Nada más parecido a la locura que el sueño. Y como no podía ser de otra manera, para los griegos, la locura también estaba causada por un dios, podía tratarse de cualquier dios, un dios que odia. Pero en la mayoría de los casos era Ate diosa de la irracionalidad y el desborde, quien enloquecía a los humanos. Era una diosa ambigua, relacionada tanto con la inocencia y travesuras de las niñas pre púberes, como con las fatalidades más crueles. Se desconoce exactamente quién fue su padre, pero se sabe que fue hija de Eris, la discordia, deidad que provocó la guerra de Troya.
En las antípodas del sueño y la locura se encuentra Aristóteles, quien, para decirlo de manera muy breve y sencilla, concibe a la verdad como una correspondencia entre el pensamiento y las cosas. El pensamiento por su parte, se rige por tres principios: el de identidad, según el cual “una cosa no puede ser y no ser al mismo tiempo y en el mismo sentido”; el principio de no contradicción que reza que “es imposible que un atributo pertenezca y no pertenezca al mismo individuo”; y, por último, el principio de tercero excluido, según el cual “dos proposiciones contradictorias no pueden ser ambas verdaderas”. Este último principio rige exclusivamente el universo del discurso racional.

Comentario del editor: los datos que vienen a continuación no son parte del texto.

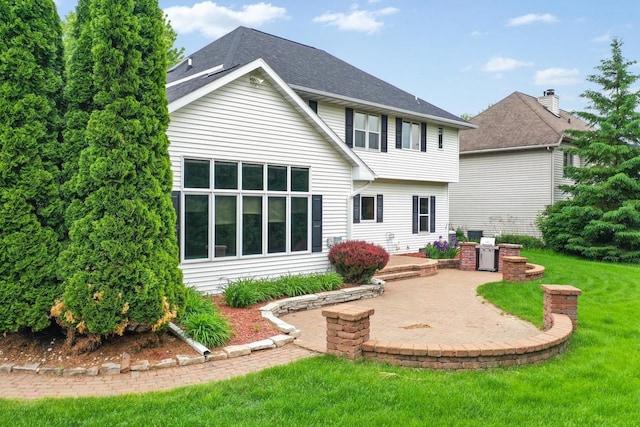 209 E Timberline Dr, Appleton, WI 54913 - rear view of property with a patio area, a lawn, and roof with shingles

El giro aristotélico es brutal, la verdad queda anclada de una vez y para siempre en la vigilia, expropiada del ámbito del sueño y sus proféticos dioses.
Y una vez que se hubo expropiado al pensamiento de sus dioses, se inicia el excursus hacia el desencantamiento del mundo.
Sin embargo, la categorización lógica no termina de erradicar otros discursos, lenguajes y, por qué no, realidades que siguen interrumpiendo y perforando la línea supuestamente continua de la vigilia, para generar sentidos más amplios que los aceptados por la concepción occidental de raigambre aristotélica.
Bibliografía
Alsina, José. (1971). Tragedia, religión y mito entre los griegos, Barcelona: Labor.
Cacciari, Massimo. (2000). El dios que baila, Buenos Aires: Paidós.
Hillman, James. (2007). Pan y la pesadilla. Madrid: Atalanta.